Balancing on the points of the pelvis (in the same way that you do when you're walking) is much easier to do than "sitting up straight", which involves a lot of muscle power and is tiring. And while you're concentrating on working, sitting up straight through muscle power is just too difficult to do - you have to pay too much attention to it. Sitting with your back supported whilst at a desk actually encourages slumping (through the upper back, if not the lower). Yes, most people have got used to being supported (mostly with the pelvis in an unbalanced position, i.e. rolling over backwards, which puts a strain on the lower back). If you allow the pelvis to roll over backwards, and then support the lumbar area, you actually set up some quite powerful shearing forces between the top of the (non-upright) pelvis and the lower spine. Balancing the pelvis upright allows the lumbar curve to be natural.

Balanced sitting may take a bit of practice, and most people will have to re-learn how to sit in balance, but a rocking, forward tilting seat encourage that balance, and it's not difficult to learn, and once learned, you don't need to pay any significant attention to maintaining it.

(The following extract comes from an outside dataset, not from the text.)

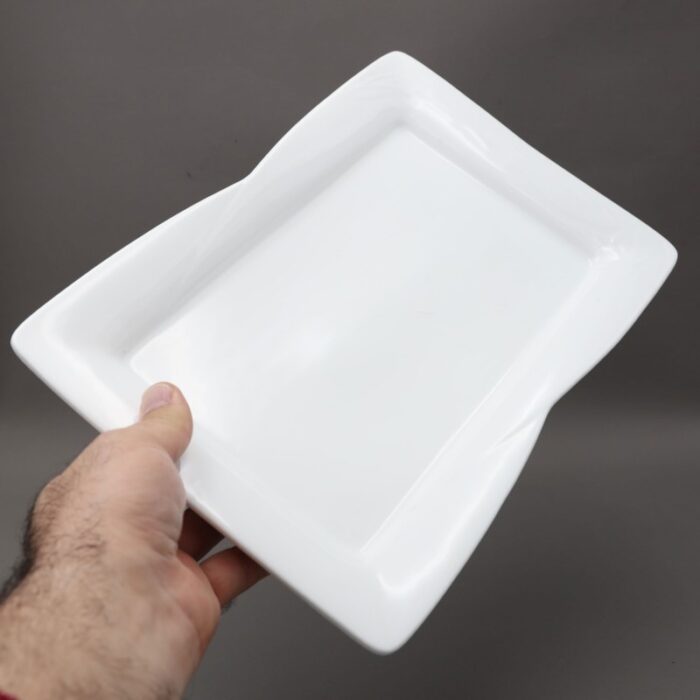 ⁦صحن تقديم بورسلان بتصميم شبه مستطيل طول 36×23 سم لون أبيض⁩ - الصورة ⁦2⁩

To find the points of your pelvis, sit on your hands (palms upwards) and tilt your pelvis until you're digging the points of it into your fingers most sharply. From there, close your eyes, and rock forwards and backwards on the points of the pelvis, making the rocking movements smaller and smaller, until you're virtually still. At this point you SHOULD be upright. However, allow for the fact that most people PERCEIVE that they're upright when they're actually leaving backwards slightly. (To confirm this, get somebody to connect a video camera to a TV and give you live feedback from a side view.) Don't forget you had to learn how to balance to ride a bike too. If you're a horse-rider, you won't find this at all difficult or unnatural.

Balance works because the body finds movement less tiring than stillness. As a quick illustration hold both arms out by your side at shoulder level. Keep one of them still, and move the other one around, keeping it more-or-less at shoulder level. See which ones feels tired first. Balance is continual adjustment of position (think of a tightrope walker, as an extreme example - not one you probably want to test while concentrating on something else though!). A bicycle or motorbike is a less extreme example. Lose the movement, and you lose the balance. Sitting on a chair with your feet underneath your hips on the ground gives you a more stable, yet still balanced basis for your working position.

You can find more (general) advice on sitting at a desk here (http://www.backinaction.co.uk/advice-sitting).

The cheapest solution that combines movement with forward tilting and balance is to sit on an exercise ball (of the correct height for your legs), and with your desk height adjusted to elbow height when seated on the ball. Of course, being spherical, a ball needs to be as wide as it is high, which can be impractical. Putting the ball in a frame makes it more practical - it won't roll away when you stand up, and you can get the same height from a smaller diameter ball, which means you don't have to straddle quite as much.

Note that the principle of adjusting the desk to your on your chair of choice holds true whatever you sit on: adjust the chair to you, not to your desk, and adjust the desk to the correct height for you on your chair (which will vary depending on what you're sitting on). This can usually be done pretty cheaply using blocks of the appropriate height under the legs of the desk. Most people tend to adjust the chair to the desk, and if you're tall, that just means that either your legs are crumpled uncomortably underneath you, or your knees have to be higher than your hips, losing the forward tilt and balance.

Tilting your work surface towards you (if you write, rather than using a computer) will also help to discourage slumping.